Preheat the oven to 375° and line a baking sheet with parchment paper.

In a large bowl, whisk together the flour, brown sugar, 1/2 cup chopped nuts, baking powder and salt.  In a small bowl or measuring cup, whisk together the milk, oil and maple syrup until combined.  Pour the wet ingredients into the bowl with the dry ingredients, stirring until you can’t see the dry ingredients in the scone dough.

Transfer the scone dough onto the lined baking sheet, and use your hands to pat down the dough into a large circle.  Use a knife or dough scraper to cut the circle into 8 wedges.  Arrange the wedges on the baking sheet so the scones are at least 2 inches apart.

Bake the scones at 375° for 18-20 minutes, until lightly golden brown. Remove from the oven, and cool completely before glazing.

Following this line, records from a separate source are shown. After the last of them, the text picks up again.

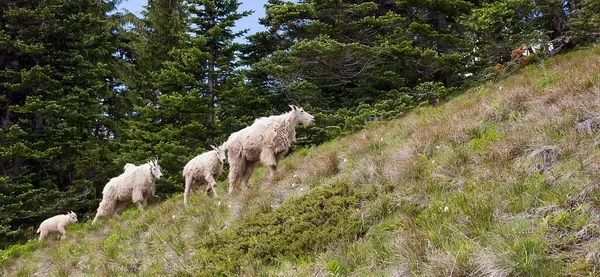 Mehrere Bergziegen Oreamnos Americanus Olympic National Park Washington Gesichtet — Stockfoto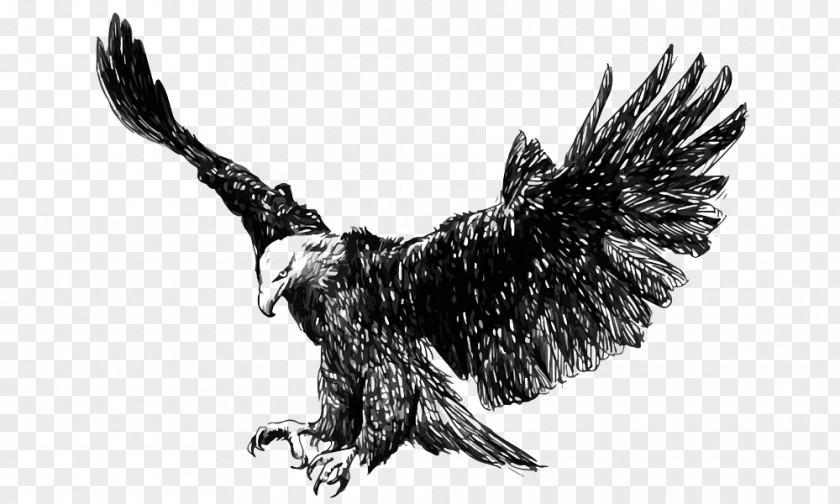 Flying Eagles Bald Eagle Golden Steppe Illustration PNG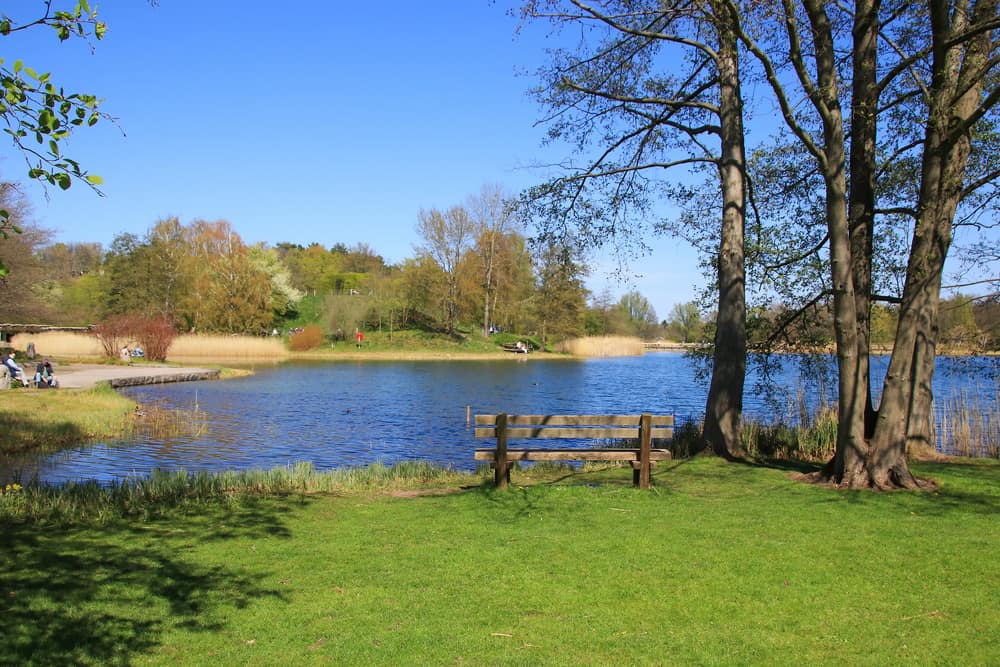 Lake in Britzer Garten in Berlin, Germany.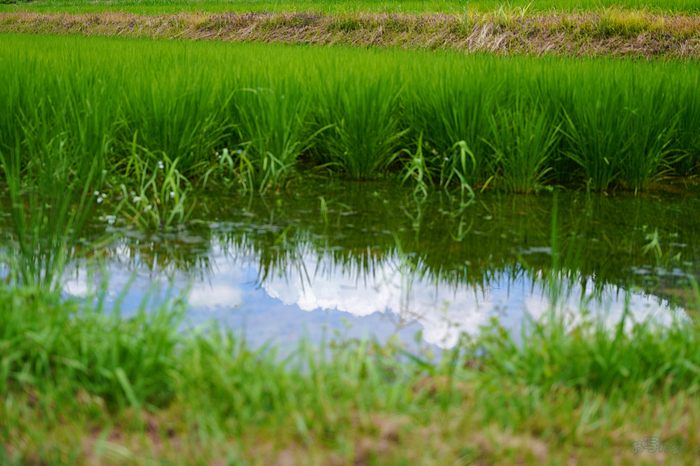 SDIM2440,F2.8,1-800 秒,iso100_28-105mm F2.8 DG DN  Art 024                               .jpg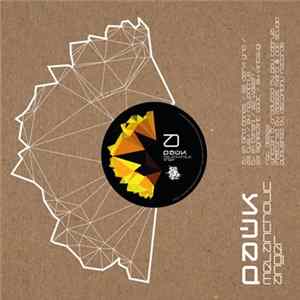 Pauk - Melancholic Anger FLAC
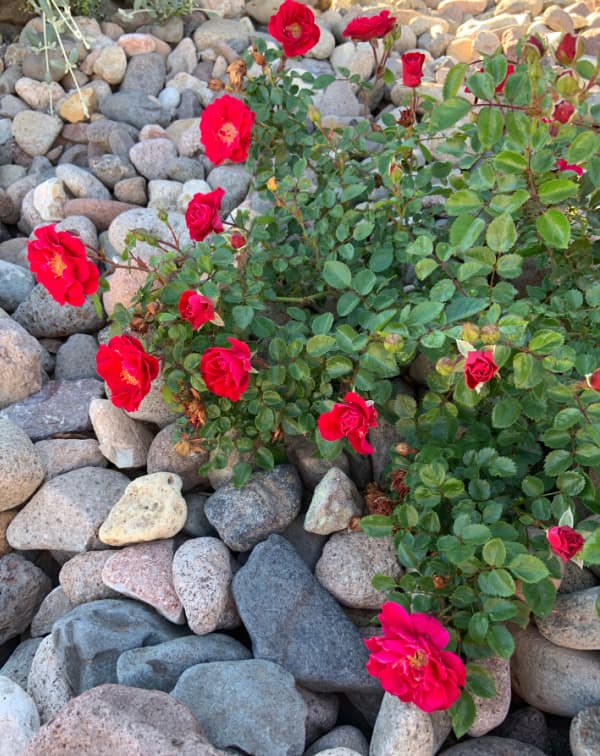 Red China rose bush.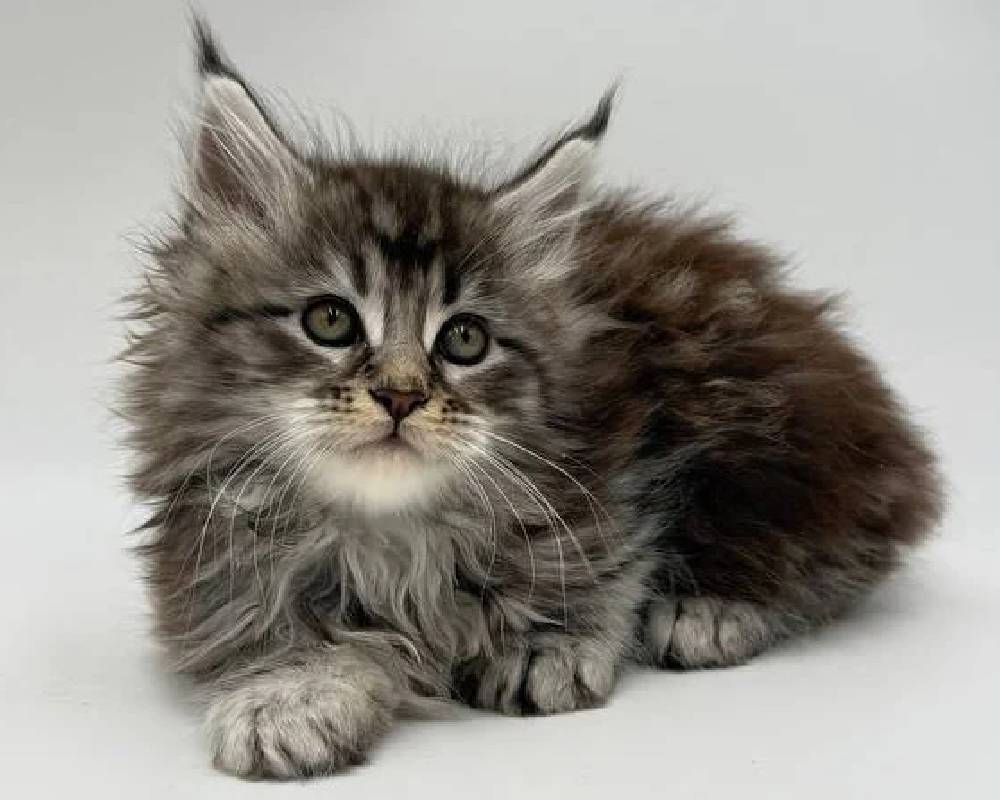 luxury picnic company - Picnic Makers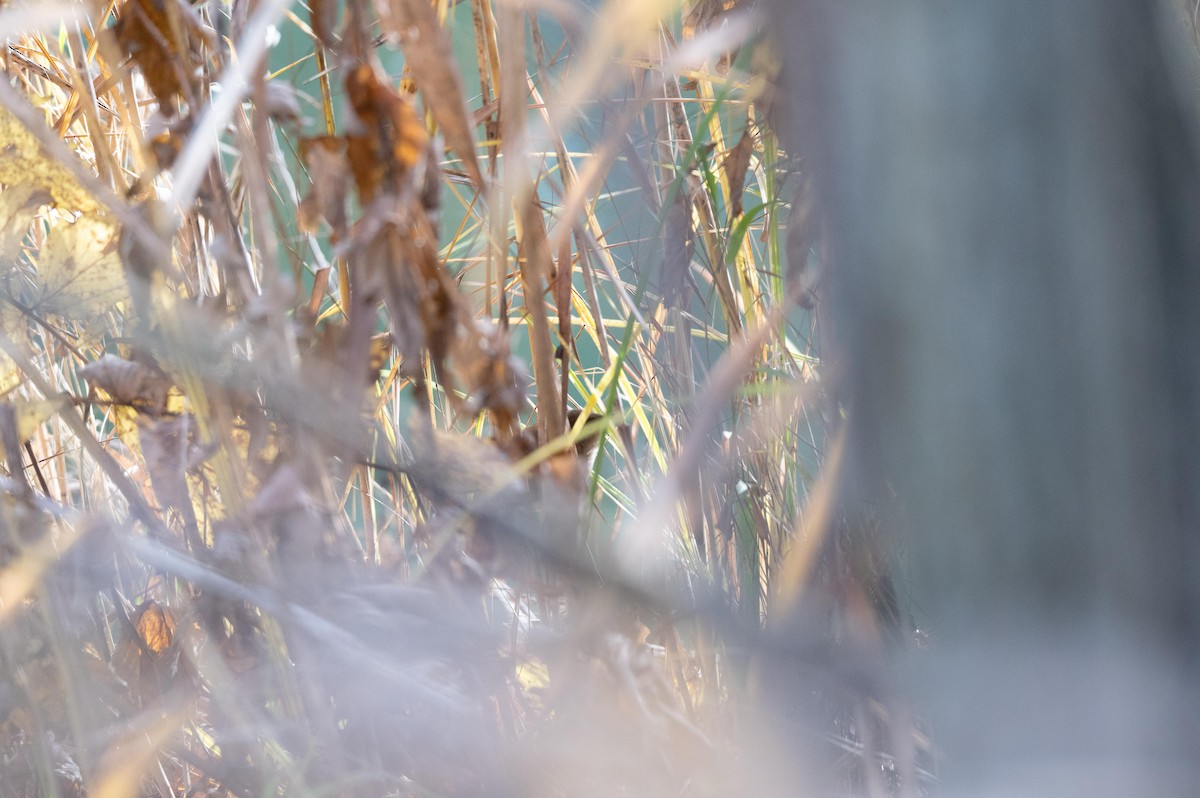 Common Reed Warbler - ML644577730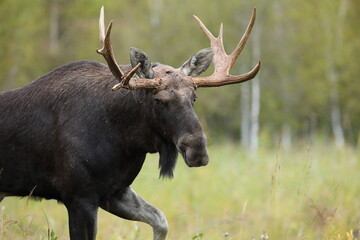 Łoś (Alces alces) moose © Bartosz Rakoczy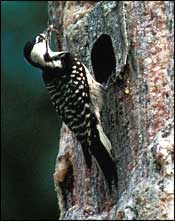 Close-up of Red-cockaded Woodpecker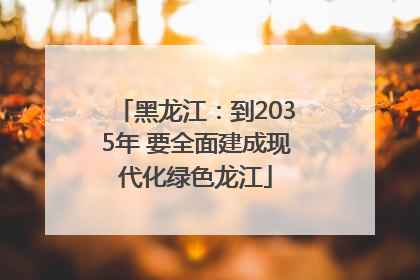 黑龙江：到2035年 要全面建成现代化绿色龙江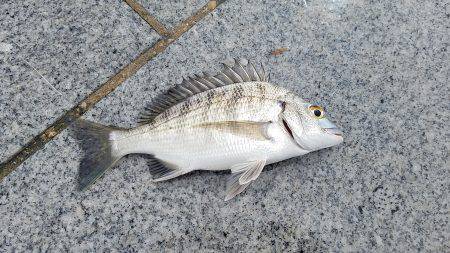 しぶめでした。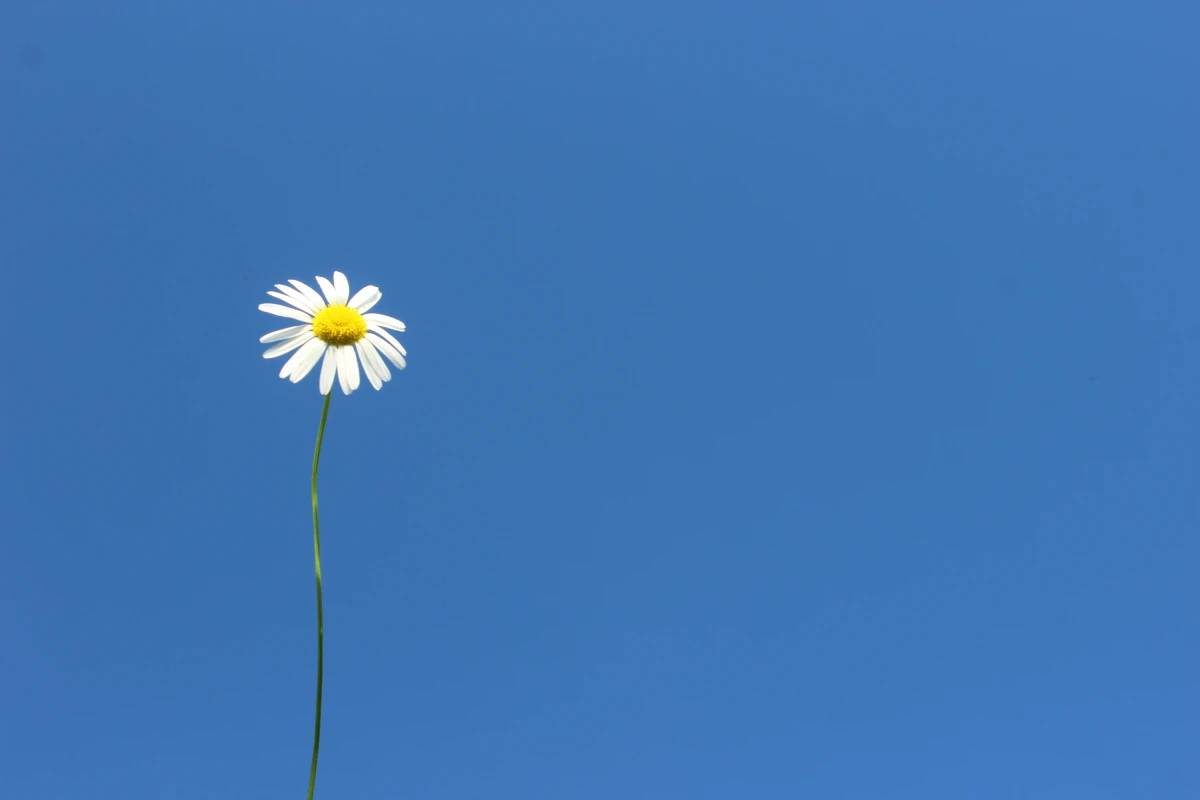 Design de sites web minimalistes : avantages pour l'expérience utilisateur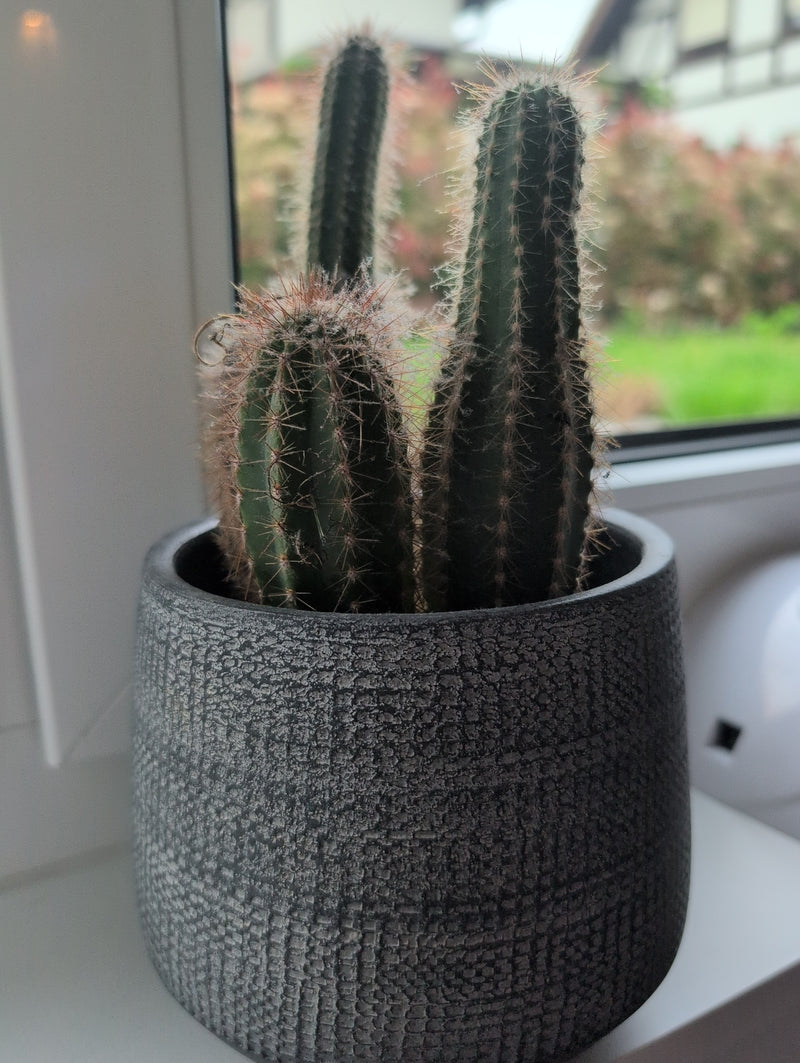 Cactus chandelier en argent — Bild 2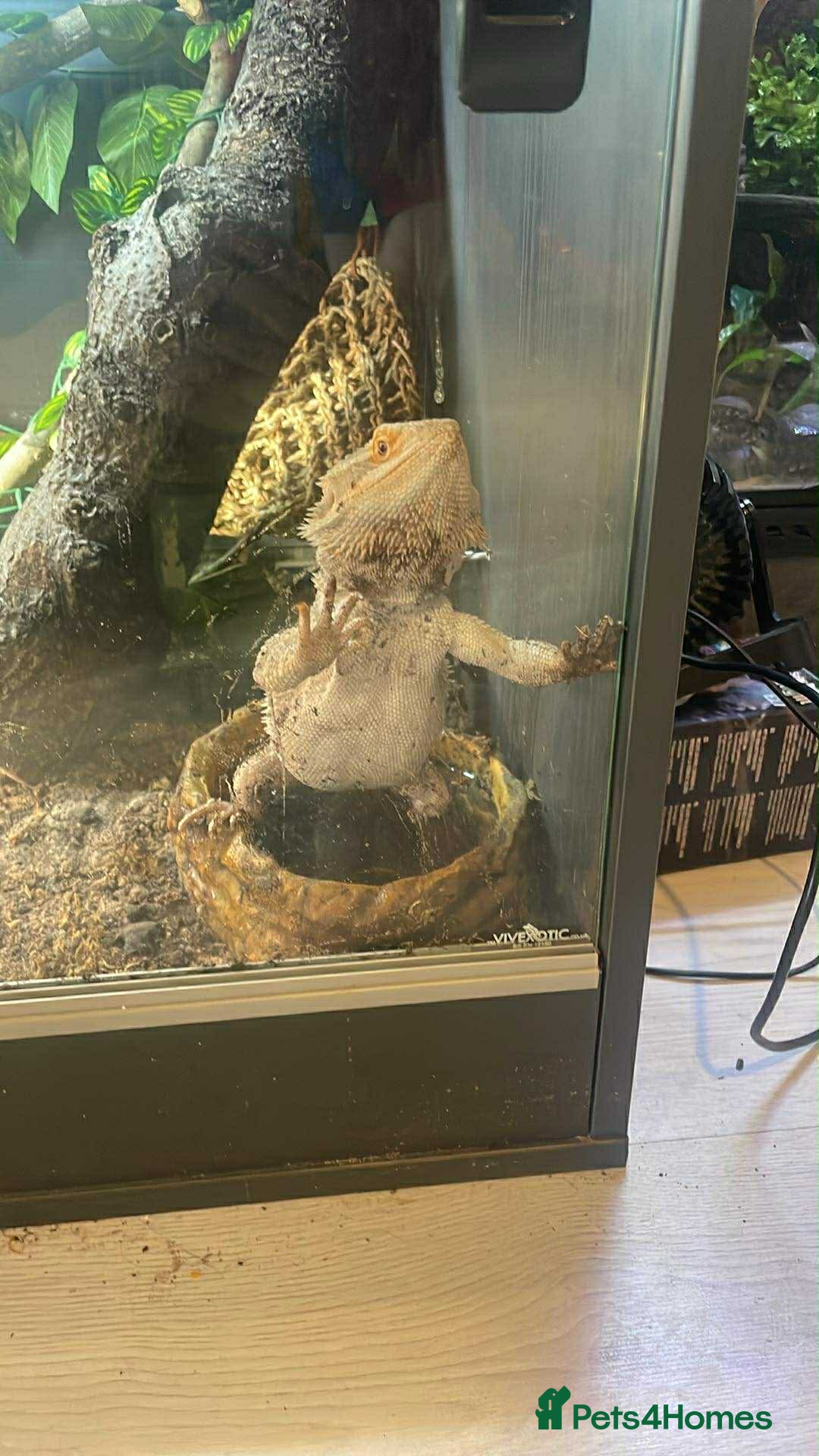 Bearded Dragon reptiles for sale: Female Bearded Dragon - Advert 2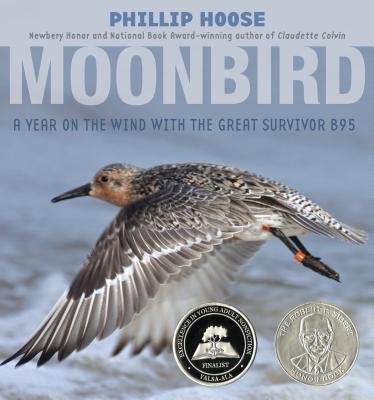 Moonbird: A Year on the Wind with the Great Survivor B95 By Phillip Hoose Cover Image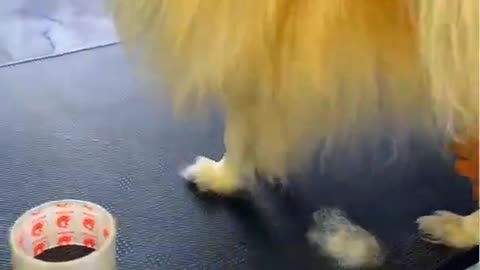 cute baby dog satisfying cleaning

In a small bowl, whisk together the maple syrup, milk and powdered sugar until a thick glaze forms.  (You want the glaze to be pourable.  If it’s too thin, add a few tablespoons more of powdered sugar.  If it’s too thick, add a splash of milk.)  Once the scones have cooled, dip the top of each one into the glaze, then return the scones to the cooling rack so the glaze has time to harden, about 30 minutes.